Paulina Peled
- Full name: Paulina Peled (nee Peisachov)
- Native name: פאולינה פלד
- Country (sports): Israel
- Born: 20 April 1950 (age 76) Lithuanian SSR

Grand Slam singles results
- French Open: 1R (1975)
- Wimbledon: 2R (1974, 1975, 1977)
- US Open: 2R (1974)

Grand Slam doubles results
- French Open: 1R (1975)
- Wimbledon: 2R (1974)

Medal record
Asian Games
| Gold medal – first place | 1974 Tehran | Mixed Doubles |
| Silver medal – second place | 1974 Tehran | Singles |

= Paulina Peled =

Israeli tennis player

Paulina Peled (פאולינה פלד; born 20 April 1950) is an Israeli former professional tennis player. She was known as Paulina Peisachov before marriage.

==Biography==
Born in Lithuania, Peled moved to Israel at the age of 16.

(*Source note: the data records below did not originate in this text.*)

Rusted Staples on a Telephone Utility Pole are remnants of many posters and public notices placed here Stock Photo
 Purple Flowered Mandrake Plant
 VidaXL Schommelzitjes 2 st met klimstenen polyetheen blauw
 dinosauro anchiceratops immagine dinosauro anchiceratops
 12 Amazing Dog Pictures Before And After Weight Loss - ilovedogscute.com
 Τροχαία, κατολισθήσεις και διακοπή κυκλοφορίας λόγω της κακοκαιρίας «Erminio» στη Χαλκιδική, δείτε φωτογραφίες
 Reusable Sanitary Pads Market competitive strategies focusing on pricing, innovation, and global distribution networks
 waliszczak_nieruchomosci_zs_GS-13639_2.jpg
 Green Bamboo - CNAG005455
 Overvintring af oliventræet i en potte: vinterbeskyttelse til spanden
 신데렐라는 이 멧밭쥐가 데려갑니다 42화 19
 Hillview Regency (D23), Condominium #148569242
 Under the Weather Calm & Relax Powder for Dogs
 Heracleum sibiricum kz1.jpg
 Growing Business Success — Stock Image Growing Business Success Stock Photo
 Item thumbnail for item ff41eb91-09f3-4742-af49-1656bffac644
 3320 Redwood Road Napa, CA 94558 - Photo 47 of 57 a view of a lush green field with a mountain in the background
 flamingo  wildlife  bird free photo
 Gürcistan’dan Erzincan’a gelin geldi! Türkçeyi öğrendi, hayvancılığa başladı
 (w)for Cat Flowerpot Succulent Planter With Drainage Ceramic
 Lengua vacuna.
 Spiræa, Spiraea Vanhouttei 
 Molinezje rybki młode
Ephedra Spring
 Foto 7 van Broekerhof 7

She competed at the 1969 Maccabiah Games for Israel in women's singles.

Peled studied in the United States in the early 1970s at Arizona State University, where she also played college tennis.

Returning to Israel, she became the first Israeli woman to win Israel's International Tennis Championship for two decades when she claimed the title in 1974.

At the 1974 Asian Games in Tehran, she won a gold medal for Israel in the mixed doubles and a silver medal in the singles.

Peled made the second round of Wimbledon on three occasions. This included 1974, when while in the country she won the Chichester Tennis Tournament with a final win over Sue Barker and she also won the Kent Championships that year.

She joined the professional tour in 1975 and was a regular member of Israel's Federation Cup team for the remainder of the decade, appearing in a total of 14 ties.